Ancora una volta, seguendo una tradizione
della quale mi sento onorato, il Segretario Generale delle Nazioni Unite ha
invitato il Papa a rivolgersi a questa onorevole assemblea delle nazioni. A mio
nome e a nome di tutta la comunità cattolica, Signor Ban Ki-moon, desidero
esprimerLe la più sincera e cordiale riconoscenza; La ringrazio anche per le
Sue gentili parole. Saluto inoltre i Capi di Stato e di Governo qui presenti,
gli Ambasciatori, i diplomatici e i funzionari politici e tecnici che li
accompagnano, il personale delle Nazioni Unite impegnato in questa 70.ma
Sessione dell’Assemblea Generale, il personale di tutti i programmi e agenzie
della famiglia dell’ONU e tutti coloro che in un modo o nell’altro partecipano
a questa riunione. Tramite voi saluto anche i cittadini di tutte le nazioni
rappresentate a questo incontro. Grazie per gli sforzi di tutti e di ciascuno
per il bene dell’umanità.
Questa è la quinta volta che un Papa visita
le Nazioni Unite. Lo hanno fatto i miei predecessori Paolo VI nel 1965, Giovanni Paolo II nel 1979 e nel 1995 e il mio immediato predecessore,
oggi Papa emerito Benedetto XVI, nel 2008. Tutti costoro
non hanno risparmiato espressioni di riconoscimento per l’Organizzazione,
considerandola la risposta giuridica e politica adeguata al momento storico,
caratterizzato dal superamento delle distanze e delle frontiere ad opera della
tecnologia e, apparentemente, di qualsiasi limite naturale all’affermazione del
potere. Una risposta imprescindibile dal momento che il potere tecnologico,
nelle mani di ideologie nazionalistiche o falsamente universalistiche, è capace
di produrre tremende atrocità. Non posso che associarmi all’apprezzamento dei
miei predecessori, riaffermando l’importanza che la Chiesa Cattolica riconosce
a questa istituzione e le speranze che ripone nelle sue attività.

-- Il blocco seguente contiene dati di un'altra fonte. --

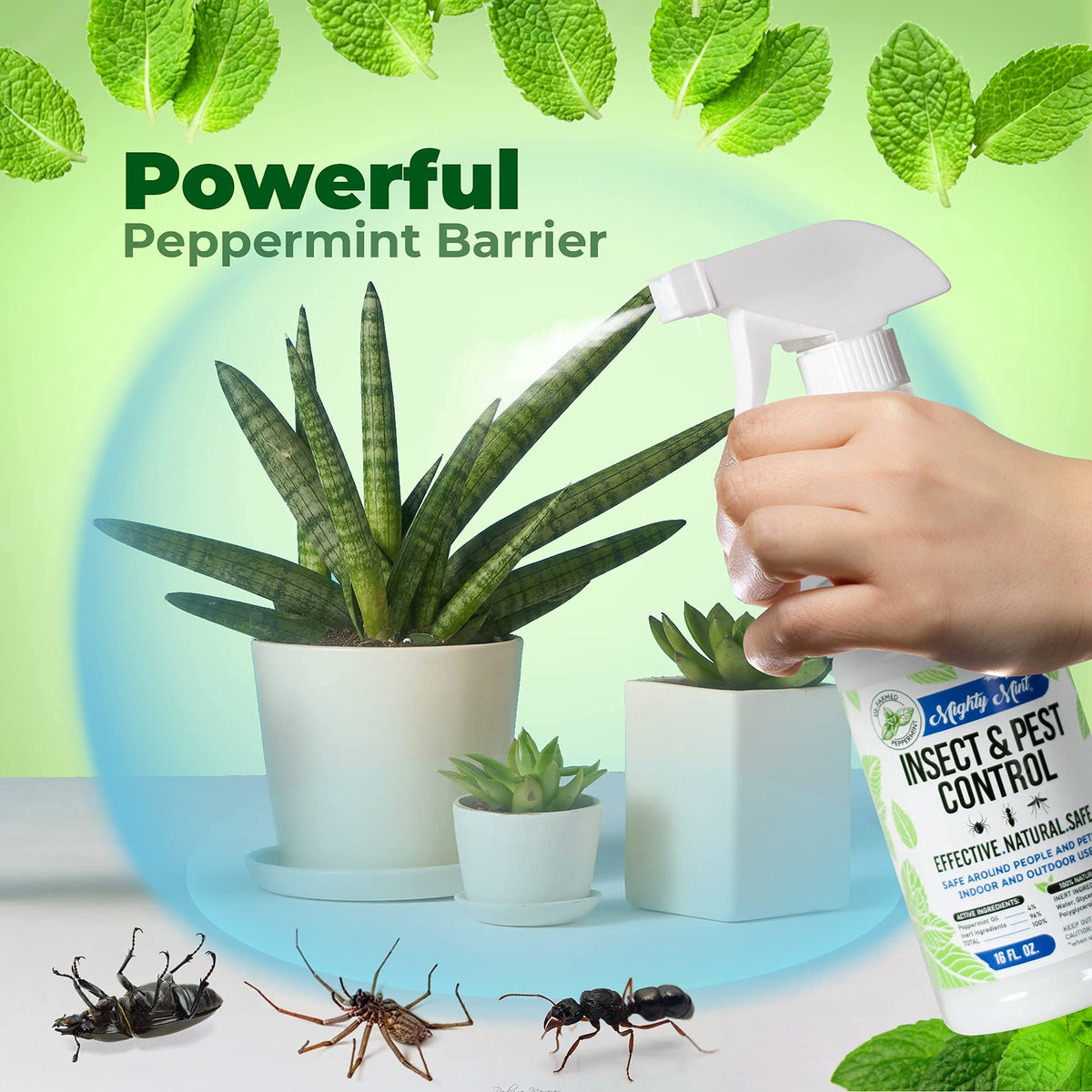Peppermint Oil Insect Repellent Concentrate, 8 oz J207196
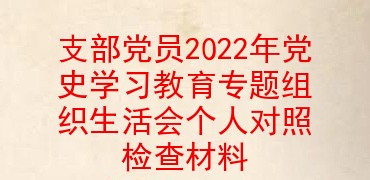 支部党员2022年党史学习教育专题组织生活会个人对照检查材料
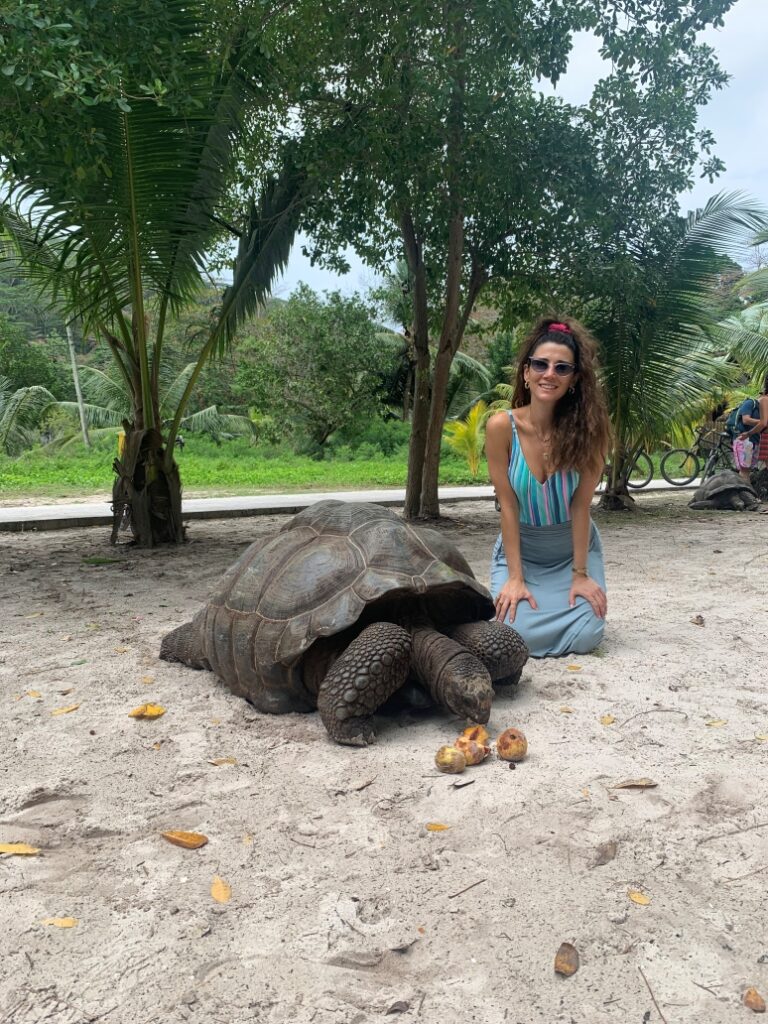 huge tortoise in La Digue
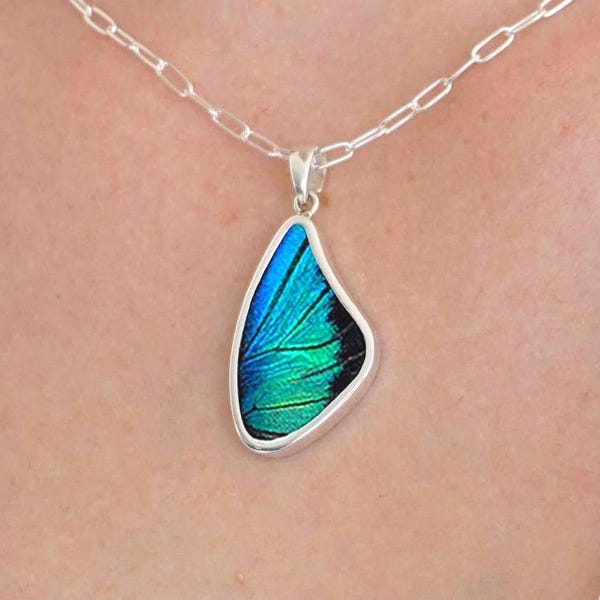 Collier aile de papillon Prepona | Pendentif véritable aile de papillon en argent sterling | Cadeau bijoux nature vert bleu irisé pour elle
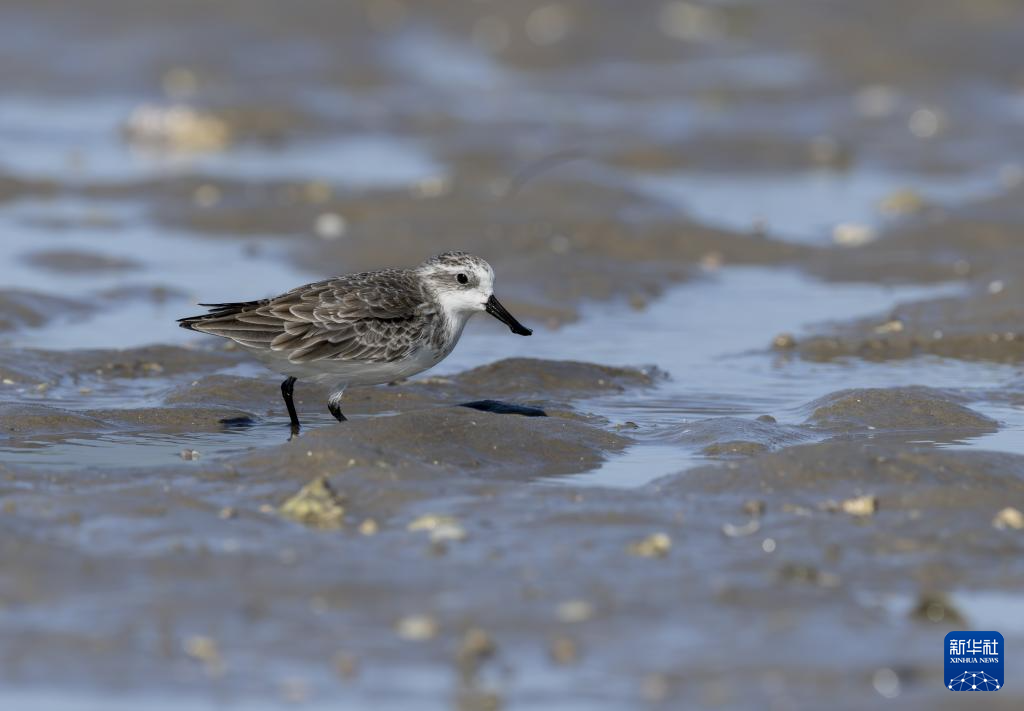 勺嘴鹬“到访”福建泉州围头湾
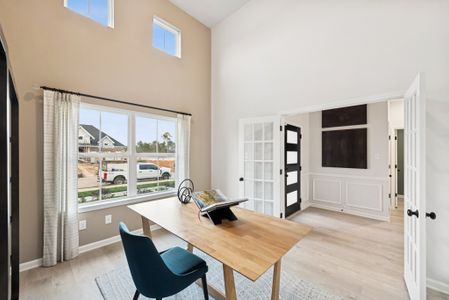 Audubon 50's by Smith Douglas Homes in Magnolia - image 5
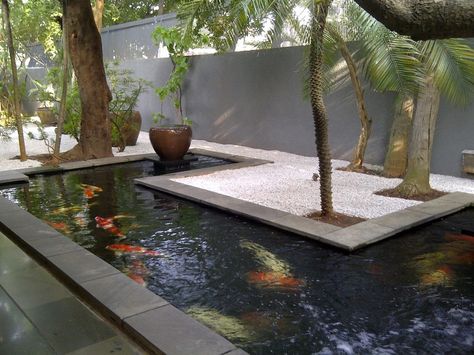 Modern Pond, Koi Pond Backyard, Koi Pond Design, Indoor Pond, Kolam Koi, Garden Pond Design, Outdoor Ponds, Small Water Features, Small Pond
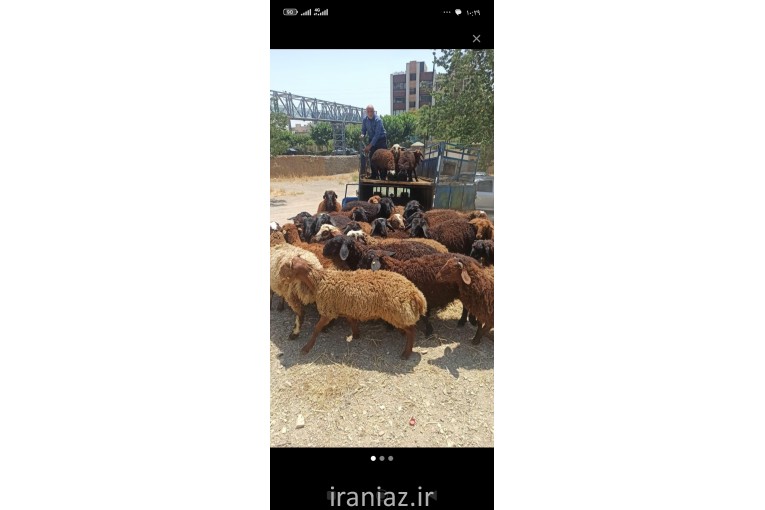گوسفنده زنده (مغان و افشار)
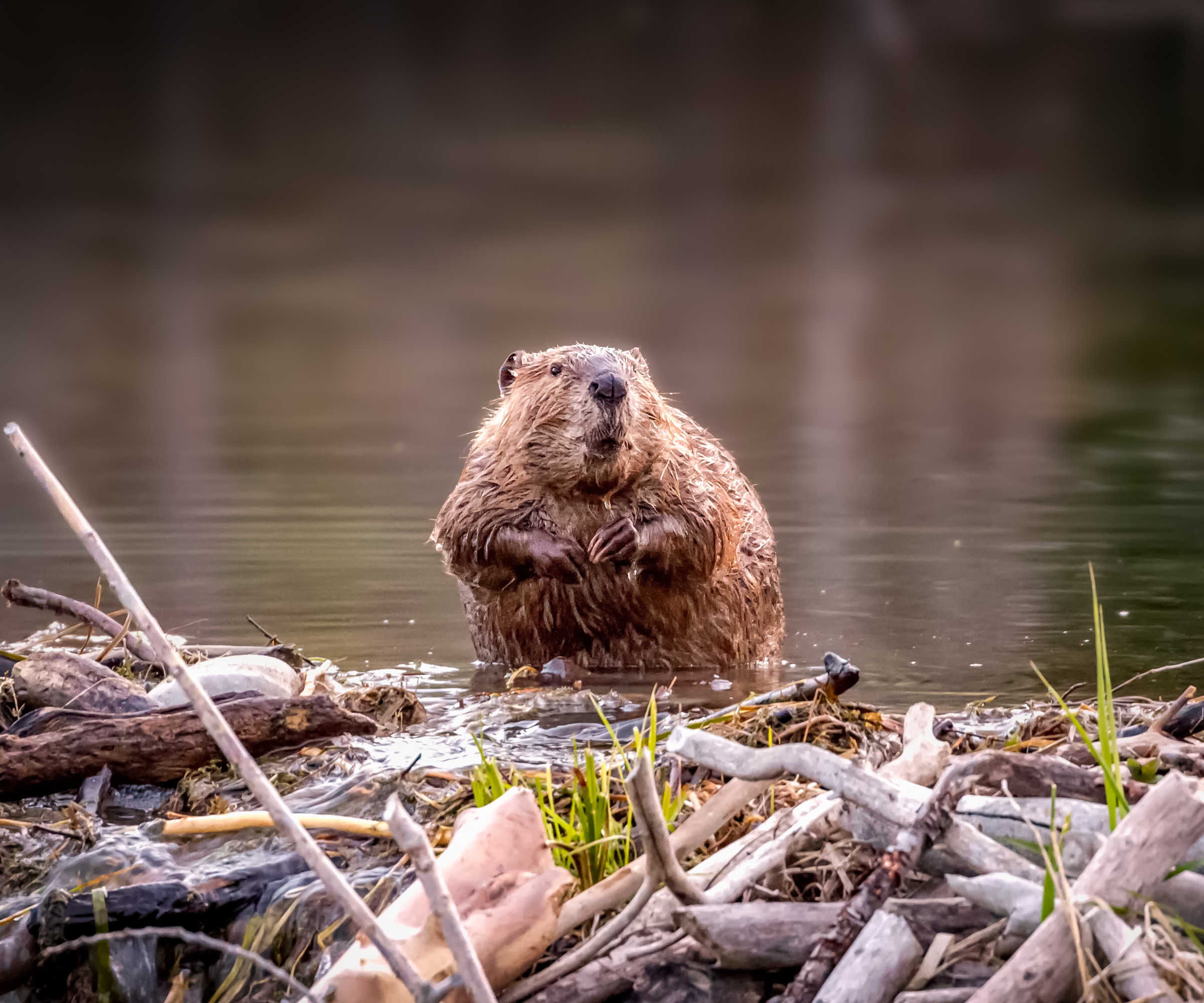 A beaver standing atop its dam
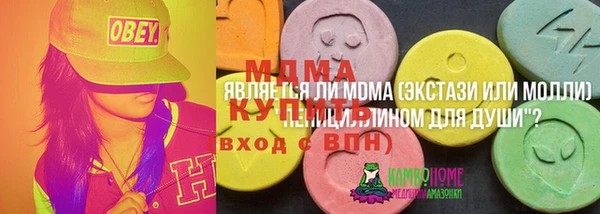 гашик Козельск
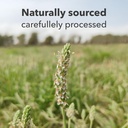 vizana-psyllium-husk-100-whole-husk-natu-6.jpg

La storia della comunità organizzata degli
Stati, rappresentata dalle Nazioni Unite, che festeggia in questi giorni il suo
70° anniversario, è una storia di importanti successi comuni, in un periodo di
inusitata accelerazione degli avvenimenti. Senza pretendere di essere
esaustivo, si può menzionare la codificazione e lo sviluppo del diritto
internazionale, la costruzione della normativa internazionale dei diritti
umani, il perfezionamento del diritto umanitario, la soluzione di molti
conflitti e operazioni di pace e di riconciliazione, e tante altre acquisizioni
in tutti i settori della proiezione internazionale delle attività umane. Tutte
queste realizzazioni sono luci che contrastano l’oscurità del disordine causato
dalle ambizioni incontrollate e dagli egoismi collettivi. È certo che sono ancora
molti i gravi problemi non risolti, ma è anche evidente che se fosse mancata
tutta questa attività internazionale, l’umanità avrebbe potuto non sopravvivere
all’uso incontrollato delle sue stesse potenzialità. Ciascuno di questi
progressi politici, giuridici e tecnici rappresenta un percorso di
concretizzazione dell’ideale della fraternità umana e un mezzo per la sua
maggiore realizzazione.
Rendo perciò omaggio a tutti gli uomini e
le donne che hanno servito con lealtà e sacrificio l’intera umanità in questi
70 anni. In particolare, desidero ricordare oggi coloro che hanno dato la loro
vita per la pace e la riconciliazione dei popoli, a partire da Dag Hammarskjöld
fino ai moltissimi funzionari di ogni grado, caduti nelle missioni umanitarie
di pace e di riconciliazione.
L’esperienza di questi 70 anni, al di là di
tutto quanto è stato conseguito, dimostra che la riforma e l’adattamento ai
tempi sono sempre necessari, progredendo verso l’obiettivo finale di concedere
a tutti i Paesi, senza eccezione, una partecipazione e un’incidenza reale ed
equa nelle decisioni. Questa necessità di una maggiore equità, vale in special
modo per gli organi con effettiva capacità esecutiva, quali il Consiglio di
Sicurezza, gli Organismi finanziari e i gruppi o meccanismi specificamente
creati per affrontare le crisi economiche. Questo aiuterà a limitare qualsiasi
sorta di abuso o usura specialmente nei confronti dei Paesi in via di sviluppo.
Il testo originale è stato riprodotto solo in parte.